Pomyślałem wieś, lub peryferie miasta. Jest jeszcze miasto.
Pojechałem do słynnego "Olimpu", dziś już nazywającego się nieco
inaczej. Cisza. Wychodzący z lokalu, pewnie właściciel, omiótł ciekawie
wzrokiem mój samochód i pojechał do domu.
"Olimp" był też zamknięty.
Dziennikarze mówią - dobra wiadomość, to żadna wiadomość. Adrenalina
niesłusznych oczekiwań na ostry artykuł opadła i pozostała radość
napisania czegoś dobrego. Jednak dziennikarski nerw nie dał mi spokoju.

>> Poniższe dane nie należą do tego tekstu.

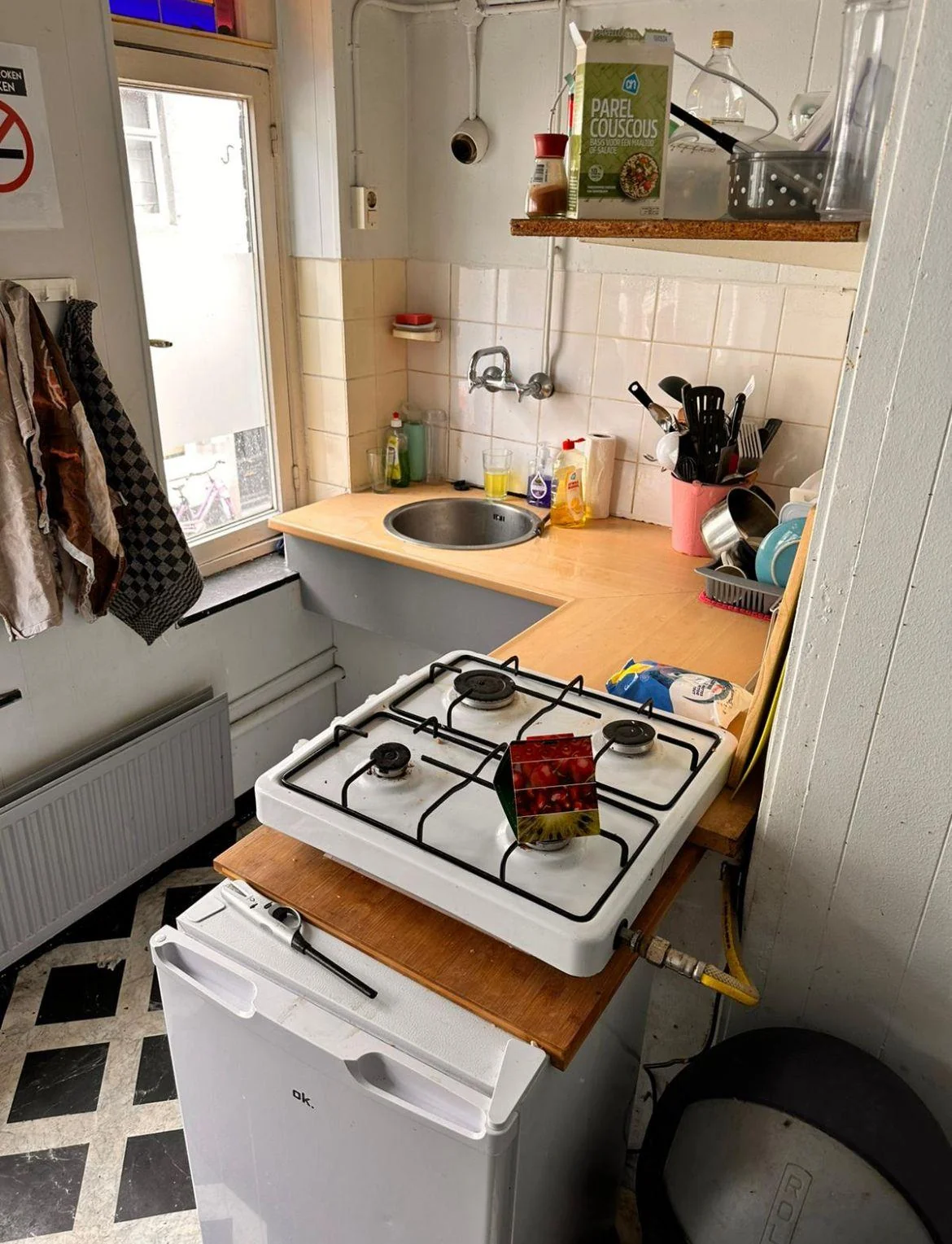 Foto van de Kamer gelegen aan de Breulingstraat in Maastricht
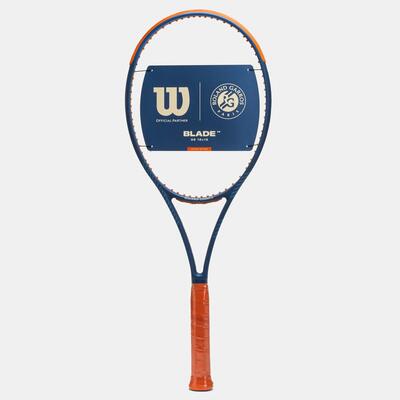 Racket - tennis - volwassenen - blade 98 v9 - precisie, competitief - blauw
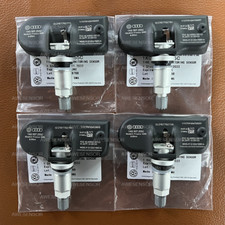 4PCS Genuine OEM TPMS Tire Pressure Monitoring Sensor 1K0907253D for AUDI VW NEW picture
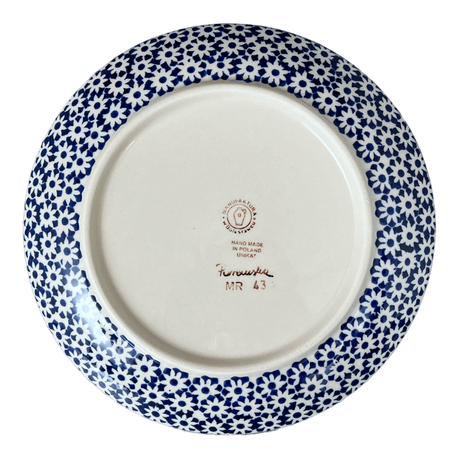 Plate, Round, Salad, 8.5" in "Stellar Celebration" by Manufaktura | T134S-P309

W bocznej ulicy biegnącej od ulicy 3 Maja jest wszak inny lokal.
Podobno na dziś awangardowy. Pojechałem. No i okazało się, że "cywilizacja"
postępu została w mieście uratowana. U "Szpaka" zabawa po pachy.
Ostra muzyka, równie ostre pokrzykiwania. Tutaj religijny ciemnogród
nie zakłócił cywilizacyjnego postępu. Bałem się wejść, ale muzyka
i chwiejne kroki opuszczającego lokal klienta powiedziały wszystko.
Program rozrywek proponowany w tym lokalu nie uznaje pustki. Zawsze
coś się dzieje i w piątki i w dni postu - po prostu zawsze.
Chciałem wyrazić szczere podziękowanie nieznanym mi decydentom "
Szalonego Młyna" i dawnego "Olimpu". Dzięki za to może nieuświadomione,
ale naturalne świadectwo wiary i solidarności z ludźmi, którym ten
post miał pomóc w odzyskaniu pokoju, który jest darem Boga, tak niebacznie
niszczonym przez człowieka. Zaś "cywilizacyjnie poprawnej" dyskotece,
jej właścicielom życzę, by odczuli kiedyś smak międzyludzkiej solidarności.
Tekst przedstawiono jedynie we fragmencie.